In computing terminology, the term "wired" is used to differentiate between wireless connections and those that involve cables. While wireless devices communicate over the air, a wired setup uses physical cables to transfer data between different devices and computer systems.
A wired network is a common type of wired configuration. Most wired networks use Ethernet cables to transfer data between connected PCs. In a small wired network, a single router may be used to connect all the computers. Larger networks often involve multiple routers or switches that connect to each other. One of these devices typically connects to a cable modem, T1 line, or other type of Internet connection that provides Internet access to all devices connected to the network.

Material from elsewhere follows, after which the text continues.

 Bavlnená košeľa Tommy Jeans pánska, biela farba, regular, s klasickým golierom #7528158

Wired may refer to peripheral devices as well. Since many keyboards and mice are now wireless, "wired" is often used to describe input devices that connect to a USB port. Peripherals such as monitors and external hard drives also use cables, but they are rarely called wired devices since wireless options are generally not available.

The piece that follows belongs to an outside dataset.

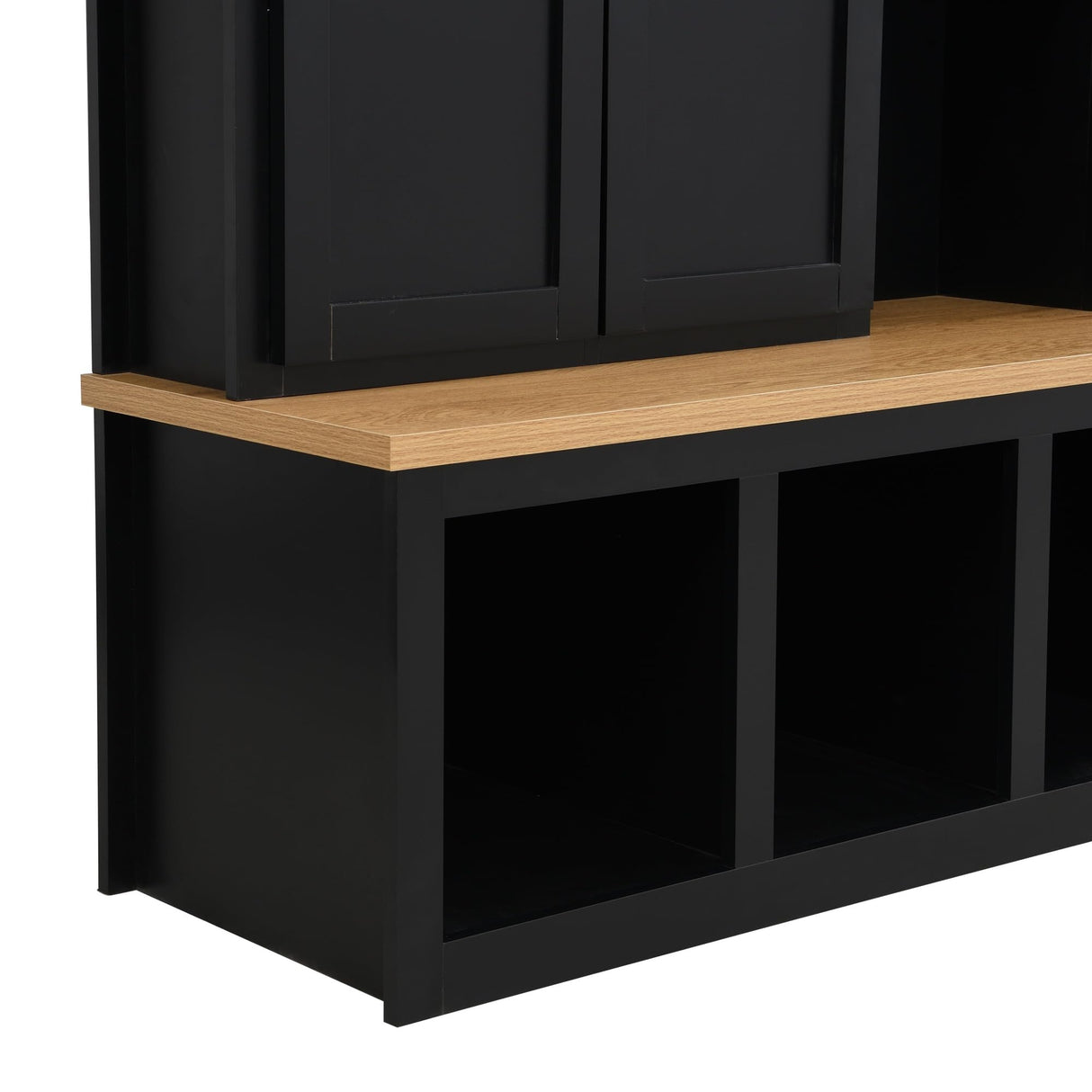 THINK 30 62.9" W Farmhouse 4-in-1 Hall Tree with 6 Hanging Hooks, Mudroom Wood Grain Bench with Open Compartments, Entryway Shoe Cabinet with Seating Bench for Living Room, Hallway, Black (Black) THINK 30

While many peripherals are now wireless, some users still prefer wired devices, since they have a few benefits over their wireless counterparts. For example, an Ethernet connection is not prone to signal interference that can slow down Wi-Fi connections. Additionally, wired network connections are often faster than wireless ones, which allows for faster data transfer rates. Some users also prefer wired peripherals since their is no need to replace batteries on a regular basis. Gamers especially prefer wired keyboards and mice since they have lower latency and can be backlit, thanks to the power provided by the USB connection.